Le stime a ribasso sono il frutto di un contesto globale negativo. Come si legge nei primi passi della Nadefr, infatti, a livello nazionale si è realizzata una “revisione al ribasso delle stime sull’andamento dell’economia italiana per l’anno in corso (2019) e per il triennio successivo (2020-2022) rispetto alle previsioni formulate nel Def di aprile”. Anche nella seconda parte dell’anno infatti si è registrato il rallentamento dell’economia mondiale.

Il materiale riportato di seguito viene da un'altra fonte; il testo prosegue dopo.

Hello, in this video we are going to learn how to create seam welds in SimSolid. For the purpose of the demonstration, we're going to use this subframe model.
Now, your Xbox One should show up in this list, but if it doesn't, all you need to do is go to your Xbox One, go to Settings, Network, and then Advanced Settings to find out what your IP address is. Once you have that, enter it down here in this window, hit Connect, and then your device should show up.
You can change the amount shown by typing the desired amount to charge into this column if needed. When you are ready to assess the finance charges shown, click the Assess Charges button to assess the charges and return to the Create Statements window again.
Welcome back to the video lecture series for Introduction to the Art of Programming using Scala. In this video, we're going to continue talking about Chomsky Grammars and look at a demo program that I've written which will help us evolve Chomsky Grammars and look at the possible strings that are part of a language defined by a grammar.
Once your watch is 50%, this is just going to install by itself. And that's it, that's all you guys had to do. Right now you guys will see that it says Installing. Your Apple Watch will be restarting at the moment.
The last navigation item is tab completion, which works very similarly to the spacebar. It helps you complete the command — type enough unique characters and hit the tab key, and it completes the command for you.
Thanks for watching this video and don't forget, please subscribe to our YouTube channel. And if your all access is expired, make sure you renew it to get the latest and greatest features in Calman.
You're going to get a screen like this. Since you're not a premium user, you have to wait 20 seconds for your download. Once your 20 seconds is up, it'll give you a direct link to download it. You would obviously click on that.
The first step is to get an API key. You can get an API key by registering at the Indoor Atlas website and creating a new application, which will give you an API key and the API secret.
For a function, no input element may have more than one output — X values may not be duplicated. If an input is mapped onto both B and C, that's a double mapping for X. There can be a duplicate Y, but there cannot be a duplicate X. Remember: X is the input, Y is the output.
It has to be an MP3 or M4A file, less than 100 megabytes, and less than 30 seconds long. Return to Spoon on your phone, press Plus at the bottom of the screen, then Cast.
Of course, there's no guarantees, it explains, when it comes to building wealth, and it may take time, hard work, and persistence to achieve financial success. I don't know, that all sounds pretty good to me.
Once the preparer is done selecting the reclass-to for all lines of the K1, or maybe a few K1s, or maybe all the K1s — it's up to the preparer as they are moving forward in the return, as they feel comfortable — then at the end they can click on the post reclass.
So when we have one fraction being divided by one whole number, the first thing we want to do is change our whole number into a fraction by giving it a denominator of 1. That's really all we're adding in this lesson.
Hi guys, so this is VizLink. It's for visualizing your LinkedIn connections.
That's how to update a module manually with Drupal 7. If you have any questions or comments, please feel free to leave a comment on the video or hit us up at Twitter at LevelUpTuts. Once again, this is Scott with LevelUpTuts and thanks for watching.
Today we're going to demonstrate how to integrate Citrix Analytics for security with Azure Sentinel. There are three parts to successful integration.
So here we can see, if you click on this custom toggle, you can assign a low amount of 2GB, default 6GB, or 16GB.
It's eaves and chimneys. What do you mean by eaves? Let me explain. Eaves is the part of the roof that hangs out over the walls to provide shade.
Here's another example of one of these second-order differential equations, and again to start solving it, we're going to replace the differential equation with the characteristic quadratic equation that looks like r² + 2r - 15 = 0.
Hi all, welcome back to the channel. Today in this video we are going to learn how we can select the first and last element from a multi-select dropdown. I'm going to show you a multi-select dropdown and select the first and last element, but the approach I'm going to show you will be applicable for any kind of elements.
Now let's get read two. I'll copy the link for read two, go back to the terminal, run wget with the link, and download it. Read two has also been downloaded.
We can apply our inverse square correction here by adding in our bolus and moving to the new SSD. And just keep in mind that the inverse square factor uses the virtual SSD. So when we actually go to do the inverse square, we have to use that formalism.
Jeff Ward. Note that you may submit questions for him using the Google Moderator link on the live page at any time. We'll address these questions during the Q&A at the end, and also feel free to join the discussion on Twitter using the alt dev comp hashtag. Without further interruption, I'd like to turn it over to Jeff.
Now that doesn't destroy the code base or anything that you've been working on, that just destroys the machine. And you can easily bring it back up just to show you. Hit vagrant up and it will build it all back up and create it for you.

Il dato che sembrava temporaneo così sembra essere valido per i prossimi anni e così, mentre una crisi economica sembra di nuovo alle porte, la Regione è costretta a rivedere i propri calcoli alla luce di un contesto economico internazionale sempre più debole.

La spesa pubblica è sempre più bassa

E mentre le cose nell’economia mondiale e nazionale vanno male, la Sicilia e tutto il Mezzogiorno sperimentano l’assenza dello Stato. “Il quadro macroeconomico regionale risulta aggravato – si legge nella nota di aggiornamento al documento economico – dalla congiuntura economica internazionale e nazionale e dall’appesantimento della situazione economica per le Regioni meridionali e, in particolare, per la Sicilia”.

A pesare sarebbe, secondo il governo, anzitutto la minore spesa pubblica. La spesa pubblica consolidata e cioè quella che effettuano lo Stato, la Regione, le Province e i Comuni, in Sicilia è ridotta del 16 per cento mentre nelle Regioni a statuto speciale del Nord è superiore alla media nazionale. Scende soprattutto la spesa per investimenti. Nelle Regioni del Mezzogiorno si è ridotta di oltre il 40 per cento, contro un incremento per il Centro-Nord del 13 per cento. In Sicilia, però, la contrazione di questo tipo di spesa è ancora maggiore alla media del Mezzogiorno di oltre il 56 per cento.

Fra le regioni meno competitive

Il quadro non migliora se si guarda al dato della competitività emesso dall’Unione europea sul tema: la Sicilia è fra le ultime venti regioni d’Europa per competitività. Con l’Isola, nel fondo di questa “classifica” ecco la Calabria, una regione interna della Spagna e quasi tutte le regioni greche, romene e bulgare.

Spesa non proporzionale alla popolazione

Il divario fra Nord e Sud vale anche per ciò che riguarda la spesa in proporzione alla popolazione residente. Anche se al Sud abita il 34 per cento degli italiani, la pubblica amministrazione statale spende nel Mezzogiorno poco più del 28 per cento delle proprie risorse mentre “al Centro-Nord sono riversate risorse ordinarie pari al 71,6% contro il 65,6% di popolazione”.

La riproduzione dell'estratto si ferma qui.